- Born: October 1826 Orland, Maine, U.S.
- Died: August 25, 1897 (aged 70) Hot Springs, Arkansas, U.S.
- Buried: Cottage Grove Cemetery, Cottage Grove, Minnesota
- Service years: 1862–1865
- Rank: Colonel, USV Brig. General, USV
- Commands: 37th Reg. Wis. Vol. Infantry
- Conflicts: American Civil War Siege of Petersburg Battle of the Crater; ; ;
- Spouse: Fidelia Holbrook Fanning
- Relations: Charles Fanning Harriman (son); Mary Francis (Severance) (daughter);

= Samuel Harriman =

Samuel Harriman (October 1826 – August 25, 1897) was a colonel in the Union Army during the American Civil War who was nominated and confirmed for appointment to the grade of brevet brigadier general in 1866.

==Biography==
Harriman was born in Orland, Maine, in October 1826. After taking part in the California Gold Rush, Harriman and his brother founded Somerset, Wisconsin, in 1856. He died on August 25, 1897, in Hot Springs, Arkansas. He married Fidelia Holbrook Fanning and had two children, Charles Fanning Harriman and Mary Frances Harriman (Mrs. Cordenio Severance).

==Career==
Harriman joined the Union Army in 1862 during the American Civil War and was assigned to the 30th Wisconsin Volunteer Infantry Regiment.

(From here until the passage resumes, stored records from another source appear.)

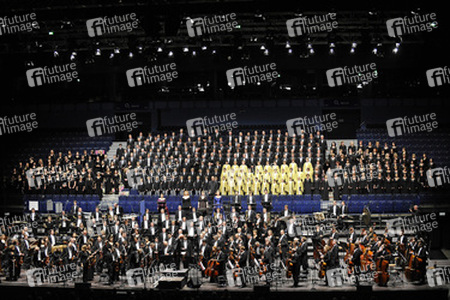 Christoph Eschenbach mit Orchester und Chor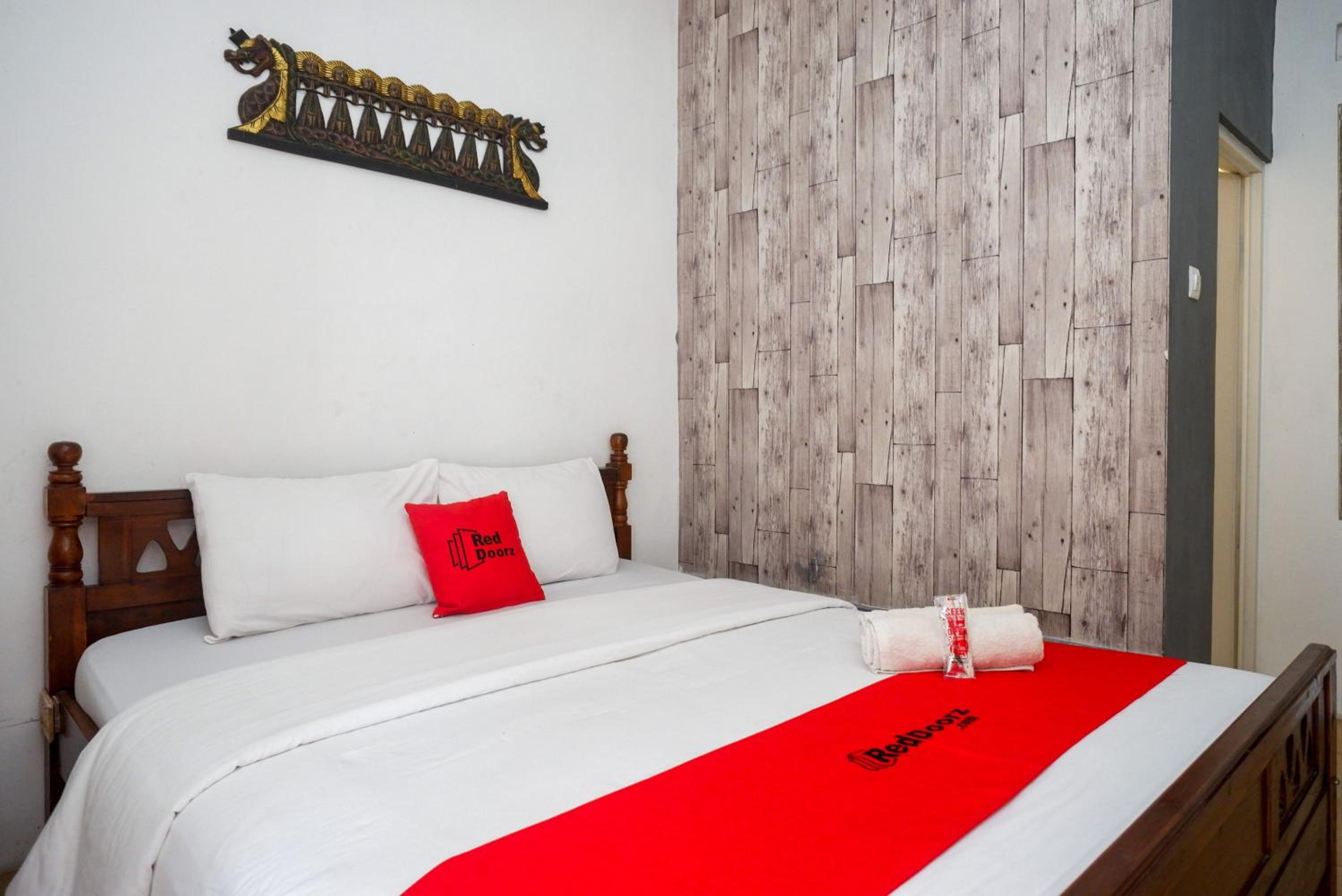 Standard Double Room - Photo 6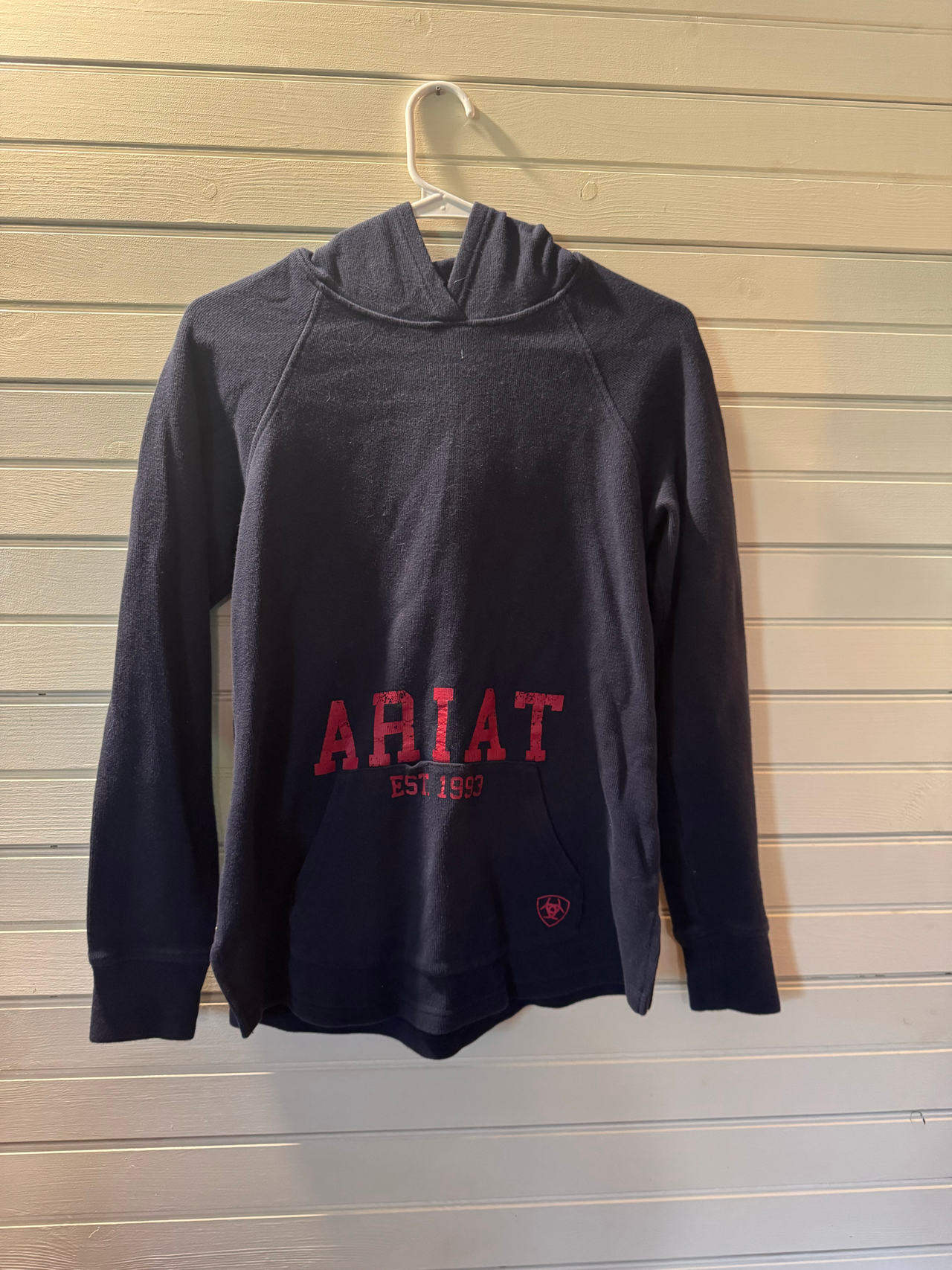 Ariat Hoodie size medium 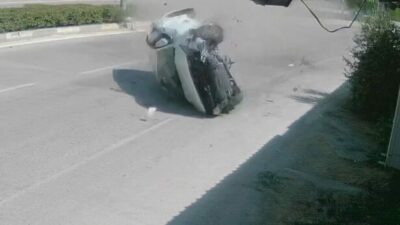 Bursa’da otomobil takla attı! O anlar kamerada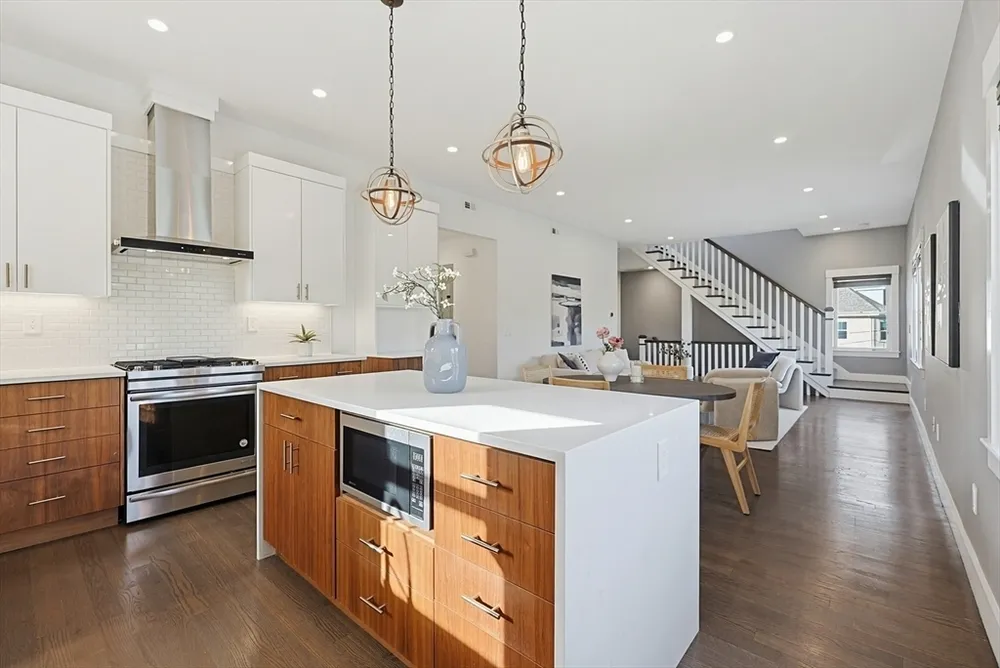 214 Waverley St, Belmont, MA 02478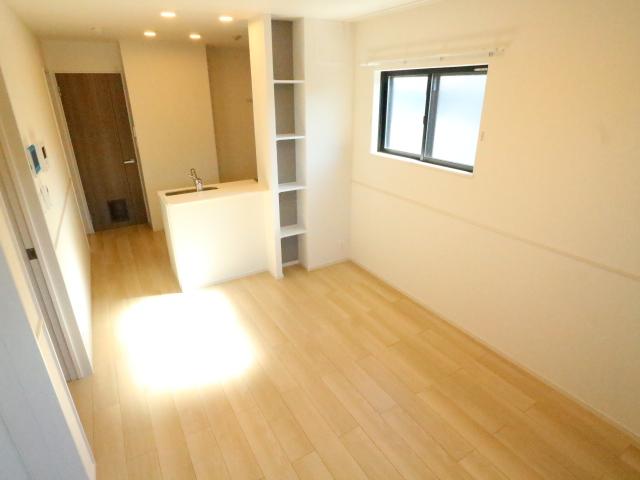 居室・リビング　こちらのリビングで趣味の時間をお楽しみください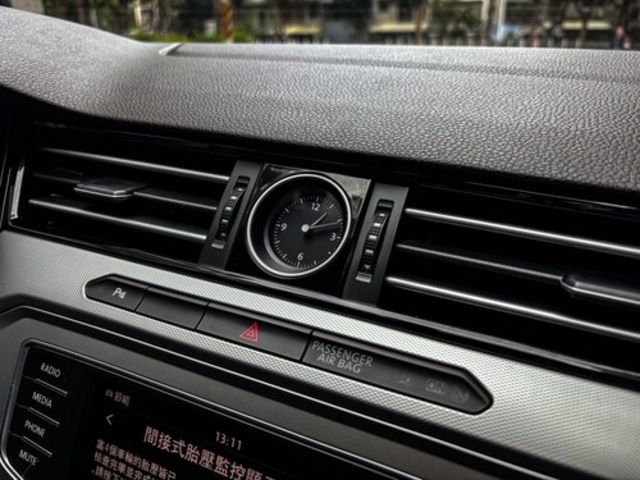 VOLKSWAGEN福斯 PASSAT  第12張相片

In 1864, he helped to organize 37th Wisconsin Volunteer Infantry Regiment and was then promoted to colonel and given command of the regiment. The regiment was later attached to the IX Corps under the command of future U.S. Senator Ambrose Burnside. Harriman and the 37th would later take part in the Battle of the Crater during the Siege of Petersburg.

On January 13, 1866, President Andrew Johnson nominated Harriman for appointment to the grade of brevet brigadier general of volunteers to rank from April 2, 1865, and the United States Senate confirmed the appointment on March 12, 1866.